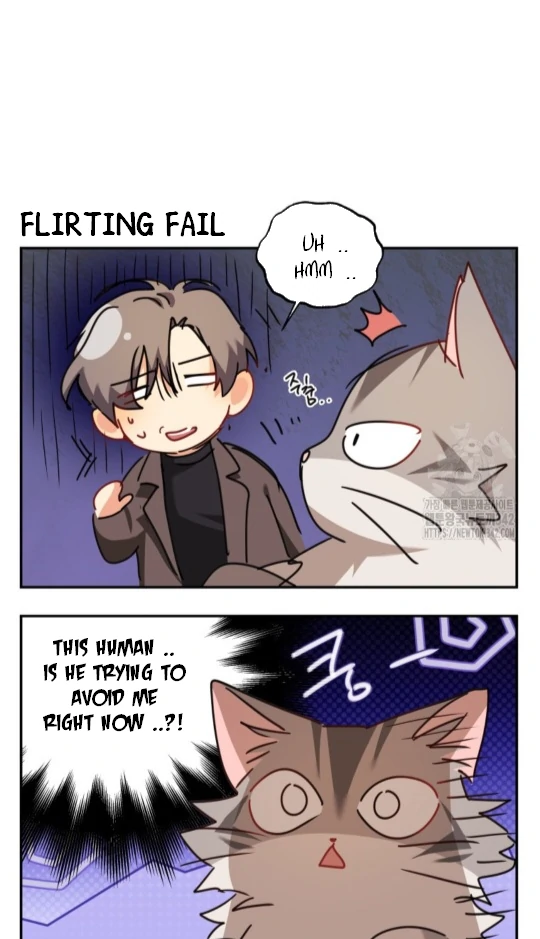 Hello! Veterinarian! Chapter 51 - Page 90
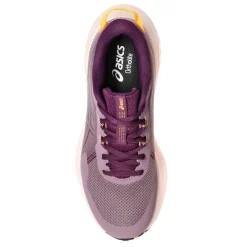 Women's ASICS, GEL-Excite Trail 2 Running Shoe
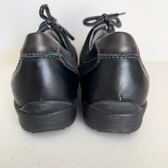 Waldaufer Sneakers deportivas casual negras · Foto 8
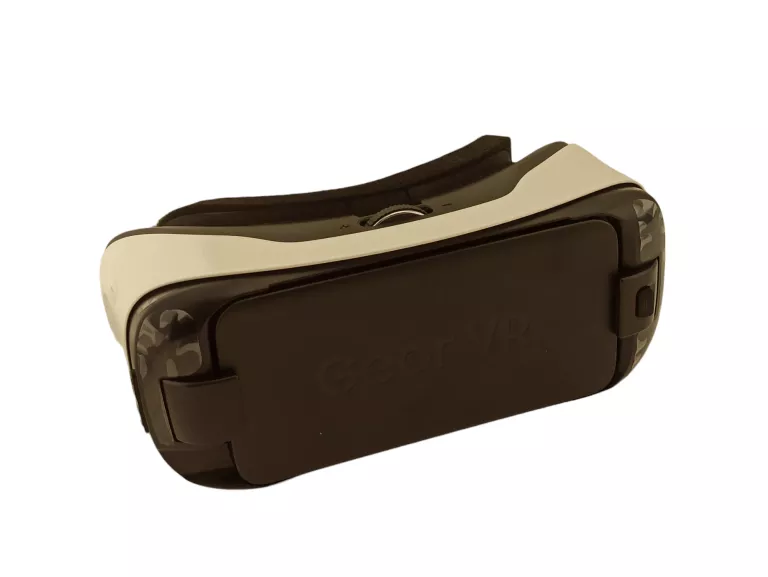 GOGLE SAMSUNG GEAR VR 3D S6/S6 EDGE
--------
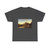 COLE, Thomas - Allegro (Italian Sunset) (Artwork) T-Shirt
--------
Would you write out exactly the lines above, starting at the line containing "Hello! Veterinarian! Chapter 51 - Page 90" and stopping after the line containing "GOGLE SAMSUNG GEAR VR 3D S6/S6 EDGE"? Omit the pictures.

 Hello! Veterinarian! Chapter 51 - Page 90
 Women's ASICS, GEL-Excite Trail 2 Running Shoe
 Waldaufer Sneakers deportivas casual negras · Foto 8
 GOGLE SAMSUNG GEAR VR 3D S6/S6 EDGE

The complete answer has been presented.